De pronto cincuenta
Raúl Mendoza Cánepa
Una mujer de treinta aborrece la experiencia de haberse casado con un viejo y le pregunto sobre la edad del hombre: cincuenta.
Tener cincuenta o un sencillo más se convierte entonces es un certificado de repulsión, cuando no es de defunción al contar a algunos amigos muertos.
De pronto te caías de bruces y todos se reían, ahora todos corren a socorrerte. Googleas por cualquier seña rara y te aterras por los exámenes médicos.
A algún legislador apurado se le ocurrió que los afiliados de las AFPs podían retirar sus fondos a los cincuenta y dadas las circunstancias, si coincide con un año y medio de desempleo y te la consumiste todo porque no había otra, pasas a ser el retrato de tu viejo jubilado a los cincuentaidós en sus repetitivos trazos de casa al supermercado.
Dicen que un profesional libre no envejece, que se puede dirigir un estudio de abogados hasta los noventa y hasta ser presidente a los setenta o más, sirva el consuelo y dependerá el ánimo del lado donde uno se ubique.
A los treinta sufres una crisis de la edad pese a tus diarios de verano o primavera, a los cuarenta eres el más viejo de los jóvenes y el más joven de los viejos.

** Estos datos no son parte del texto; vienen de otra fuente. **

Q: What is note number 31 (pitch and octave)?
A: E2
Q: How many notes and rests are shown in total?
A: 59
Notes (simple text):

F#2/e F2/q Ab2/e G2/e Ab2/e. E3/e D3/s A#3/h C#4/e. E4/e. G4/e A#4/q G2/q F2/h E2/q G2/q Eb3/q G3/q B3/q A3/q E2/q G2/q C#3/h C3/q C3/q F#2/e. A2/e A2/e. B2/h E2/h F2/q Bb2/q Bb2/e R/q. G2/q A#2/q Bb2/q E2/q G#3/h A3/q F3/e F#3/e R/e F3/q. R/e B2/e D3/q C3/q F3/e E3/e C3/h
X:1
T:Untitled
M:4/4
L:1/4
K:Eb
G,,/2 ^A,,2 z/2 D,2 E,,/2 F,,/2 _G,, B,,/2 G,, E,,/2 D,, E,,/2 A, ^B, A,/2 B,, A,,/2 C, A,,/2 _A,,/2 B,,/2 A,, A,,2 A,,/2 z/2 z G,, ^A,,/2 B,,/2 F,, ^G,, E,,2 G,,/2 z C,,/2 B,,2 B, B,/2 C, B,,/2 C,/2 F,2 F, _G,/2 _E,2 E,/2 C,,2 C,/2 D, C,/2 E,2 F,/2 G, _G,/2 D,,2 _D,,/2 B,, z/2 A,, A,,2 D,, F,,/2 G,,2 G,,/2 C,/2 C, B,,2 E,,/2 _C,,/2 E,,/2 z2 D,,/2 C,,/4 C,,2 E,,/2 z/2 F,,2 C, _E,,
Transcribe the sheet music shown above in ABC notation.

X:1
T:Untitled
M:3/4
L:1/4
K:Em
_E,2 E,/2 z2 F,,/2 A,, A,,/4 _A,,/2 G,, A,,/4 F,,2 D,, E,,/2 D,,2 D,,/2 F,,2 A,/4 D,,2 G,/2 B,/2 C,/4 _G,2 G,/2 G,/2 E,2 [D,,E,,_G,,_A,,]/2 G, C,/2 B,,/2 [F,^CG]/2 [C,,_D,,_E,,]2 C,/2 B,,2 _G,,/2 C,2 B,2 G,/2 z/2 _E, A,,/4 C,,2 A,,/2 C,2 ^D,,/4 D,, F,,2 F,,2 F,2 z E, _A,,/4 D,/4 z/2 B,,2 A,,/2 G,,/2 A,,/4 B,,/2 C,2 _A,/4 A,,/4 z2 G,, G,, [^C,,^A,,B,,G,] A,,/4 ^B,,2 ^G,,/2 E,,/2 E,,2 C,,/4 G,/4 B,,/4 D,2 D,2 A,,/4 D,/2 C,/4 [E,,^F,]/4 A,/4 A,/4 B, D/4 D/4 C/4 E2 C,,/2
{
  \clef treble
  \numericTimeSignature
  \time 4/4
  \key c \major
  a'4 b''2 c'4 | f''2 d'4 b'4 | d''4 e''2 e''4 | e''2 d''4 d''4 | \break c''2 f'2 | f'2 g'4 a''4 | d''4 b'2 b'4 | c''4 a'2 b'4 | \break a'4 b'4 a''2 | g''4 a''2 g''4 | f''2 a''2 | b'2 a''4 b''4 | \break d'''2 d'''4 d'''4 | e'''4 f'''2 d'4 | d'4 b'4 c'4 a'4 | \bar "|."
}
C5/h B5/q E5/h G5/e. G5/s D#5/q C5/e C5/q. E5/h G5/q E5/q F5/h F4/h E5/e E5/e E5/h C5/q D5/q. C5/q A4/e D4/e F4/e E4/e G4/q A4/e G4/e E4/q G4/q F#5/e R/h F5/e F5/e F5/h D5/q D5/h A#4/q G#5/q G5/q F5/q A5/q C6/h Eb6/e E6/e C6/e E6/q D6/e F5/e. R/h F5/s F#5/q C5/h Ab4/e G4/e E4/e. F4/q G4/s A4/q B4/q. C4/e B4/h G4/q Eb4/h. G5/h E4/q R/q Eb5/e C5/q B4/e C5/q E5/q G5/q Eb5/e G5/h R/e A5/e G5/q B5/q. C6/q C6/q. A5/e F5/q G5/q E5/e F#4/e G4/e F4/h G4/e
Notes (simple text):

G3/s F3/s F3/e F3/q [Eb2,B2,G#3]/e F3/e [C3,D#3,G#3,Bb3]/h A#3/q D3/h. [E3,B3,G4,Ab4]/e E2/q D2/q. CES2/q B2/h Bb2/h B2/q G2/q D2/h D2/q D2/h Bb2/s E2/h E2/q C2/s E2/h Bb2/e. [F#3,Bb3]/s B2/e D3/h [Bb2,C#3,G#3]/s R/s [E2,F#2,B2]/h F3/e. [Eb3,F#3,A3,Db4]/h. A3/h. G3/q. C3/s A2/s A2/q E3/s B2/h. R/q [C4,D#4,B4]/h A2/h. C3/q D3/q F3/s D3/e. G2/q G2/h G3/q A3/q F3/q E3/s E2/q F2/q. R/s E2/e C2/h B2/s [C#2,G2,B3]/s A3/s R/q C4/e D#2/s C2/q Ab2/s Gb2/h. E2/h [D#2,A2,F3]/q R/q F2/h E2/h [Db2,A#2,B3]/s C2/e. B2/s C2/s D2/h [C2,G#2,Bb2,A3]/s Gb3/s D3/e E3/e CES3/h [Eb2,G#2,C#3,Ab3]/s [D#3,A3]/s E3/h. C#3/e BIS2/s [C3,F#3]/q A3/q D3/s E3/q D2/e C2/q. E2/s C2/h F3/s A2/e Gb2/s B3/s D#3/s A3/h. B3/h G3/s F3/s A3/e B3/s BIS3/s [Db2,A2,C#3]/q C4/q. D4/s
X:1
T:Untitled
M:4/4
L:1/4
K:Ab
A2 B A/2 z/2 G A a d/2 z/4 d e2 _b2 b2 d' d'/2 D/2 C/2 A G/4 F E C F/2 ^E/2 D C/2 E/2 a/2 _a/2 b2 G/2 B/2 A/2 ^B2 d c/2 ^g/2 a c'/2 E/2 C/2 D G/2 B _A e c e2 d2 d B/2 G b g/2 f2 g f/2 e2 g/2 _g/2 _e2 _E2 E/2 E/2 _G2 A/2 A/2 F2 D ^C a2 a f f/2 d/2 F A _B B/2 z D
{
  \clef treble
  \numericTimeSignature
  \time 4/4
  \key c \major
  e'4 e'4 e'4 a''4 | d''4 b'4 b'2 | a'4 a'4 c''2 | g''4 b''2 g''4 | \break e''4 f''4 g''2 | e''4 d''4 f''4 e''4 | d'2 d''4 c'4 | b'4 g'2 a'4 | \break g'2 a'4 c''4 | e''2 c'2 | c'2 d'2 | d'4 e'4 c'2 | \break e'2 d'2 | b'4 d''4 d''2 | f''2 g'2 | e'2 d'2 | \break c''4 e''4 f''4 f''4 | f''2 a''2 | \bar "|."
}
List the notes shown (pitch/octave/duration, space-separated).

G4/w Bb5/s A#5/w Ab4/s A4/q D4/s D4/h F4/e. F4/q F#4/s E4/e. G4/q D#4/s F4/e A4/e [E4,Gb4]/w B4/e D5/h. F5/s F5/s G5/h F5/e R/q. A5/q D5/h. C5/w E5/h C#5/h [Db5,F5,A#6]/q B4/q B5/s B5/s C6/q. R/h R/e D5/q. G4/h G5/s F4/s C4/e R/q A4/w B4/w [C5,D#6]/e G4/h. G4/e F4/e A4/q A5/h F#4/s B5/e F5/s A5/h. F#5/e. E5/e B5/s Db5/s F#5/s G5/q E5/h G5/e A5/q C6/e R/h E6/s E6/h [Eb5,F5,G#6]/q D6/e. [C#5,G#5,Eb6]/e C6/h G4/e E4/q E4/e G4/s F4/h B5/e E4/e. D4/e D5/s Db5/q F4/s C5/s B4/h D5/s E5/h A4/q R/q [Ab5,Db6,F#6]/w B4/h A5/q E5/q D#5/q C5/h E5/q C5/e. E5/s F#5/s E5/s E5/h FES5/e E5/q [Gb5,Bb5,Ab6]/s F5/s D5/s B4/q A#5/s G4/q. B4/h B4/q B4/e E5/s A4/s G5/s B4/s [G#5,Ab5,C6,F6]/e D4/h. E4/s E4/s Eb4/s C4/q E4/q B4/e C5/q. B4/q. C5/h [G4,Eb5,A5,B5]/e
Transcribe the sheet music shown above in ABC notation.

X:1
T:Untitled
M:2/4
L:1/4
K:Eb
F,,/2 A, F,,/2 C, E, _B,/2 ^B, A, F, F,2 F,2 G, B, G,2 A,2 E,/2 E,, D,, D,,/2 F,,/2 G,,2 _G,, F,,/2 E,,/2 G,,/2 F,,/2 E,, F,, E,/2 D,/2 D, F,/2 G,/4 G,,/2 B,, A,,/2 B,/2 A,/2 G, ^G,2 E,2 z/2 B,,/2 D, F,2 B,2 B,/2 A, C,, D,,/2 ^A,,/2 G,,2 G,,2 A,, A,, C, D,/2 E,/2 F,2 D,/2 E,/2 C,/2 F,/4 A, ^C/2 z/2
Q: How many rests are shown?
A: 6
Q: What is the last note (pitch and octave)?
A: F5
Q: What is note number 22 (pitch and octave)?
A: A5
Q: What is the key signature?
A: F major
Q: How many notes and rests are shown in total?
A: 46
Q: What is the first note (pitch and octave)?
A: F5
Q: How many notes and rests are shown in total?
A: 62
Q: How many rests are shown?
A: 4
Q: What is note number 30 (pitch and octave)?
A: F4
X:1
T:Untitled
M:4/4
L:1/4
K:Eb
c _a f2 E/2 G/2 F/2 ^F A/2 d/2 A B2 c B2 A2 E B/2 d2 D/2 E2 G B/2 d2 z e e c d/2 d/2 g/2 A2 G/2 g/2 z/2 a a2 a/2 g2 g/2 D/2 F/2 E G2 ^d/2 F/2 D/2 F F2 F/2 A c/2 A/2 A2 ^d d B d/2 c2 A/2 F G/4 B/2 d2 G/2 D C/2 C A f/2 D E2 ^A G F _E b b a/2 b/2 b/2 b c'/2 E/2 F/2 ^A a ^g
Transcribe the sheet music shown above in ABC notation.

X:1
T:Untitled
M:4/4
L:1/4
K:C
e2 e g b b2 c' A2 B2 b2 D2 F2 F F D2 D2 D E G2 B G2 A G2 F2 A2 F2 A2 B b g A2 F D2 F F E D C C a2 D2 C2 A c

A los cincuenta o antes se inicia el edadismo, te miran las canas antes de pensar en contratarte y te prueban en los mecanismos más rudimentarios de las máquinas y programas de oficina. Un viejo jefe me llamaba solo para que le ponga en mayúsculas de word una frase. Yo me preguntaba por su Remington.
A los ochenta hay uno que conozco que dicta clases y sube a los Andes y las selvas cuando puede, con toda la chispa del mundo.
No es que uno tenga la edad que uno tiene ni la que se engaña o engaña que tiene, sino la que los demás le hacen creer tener.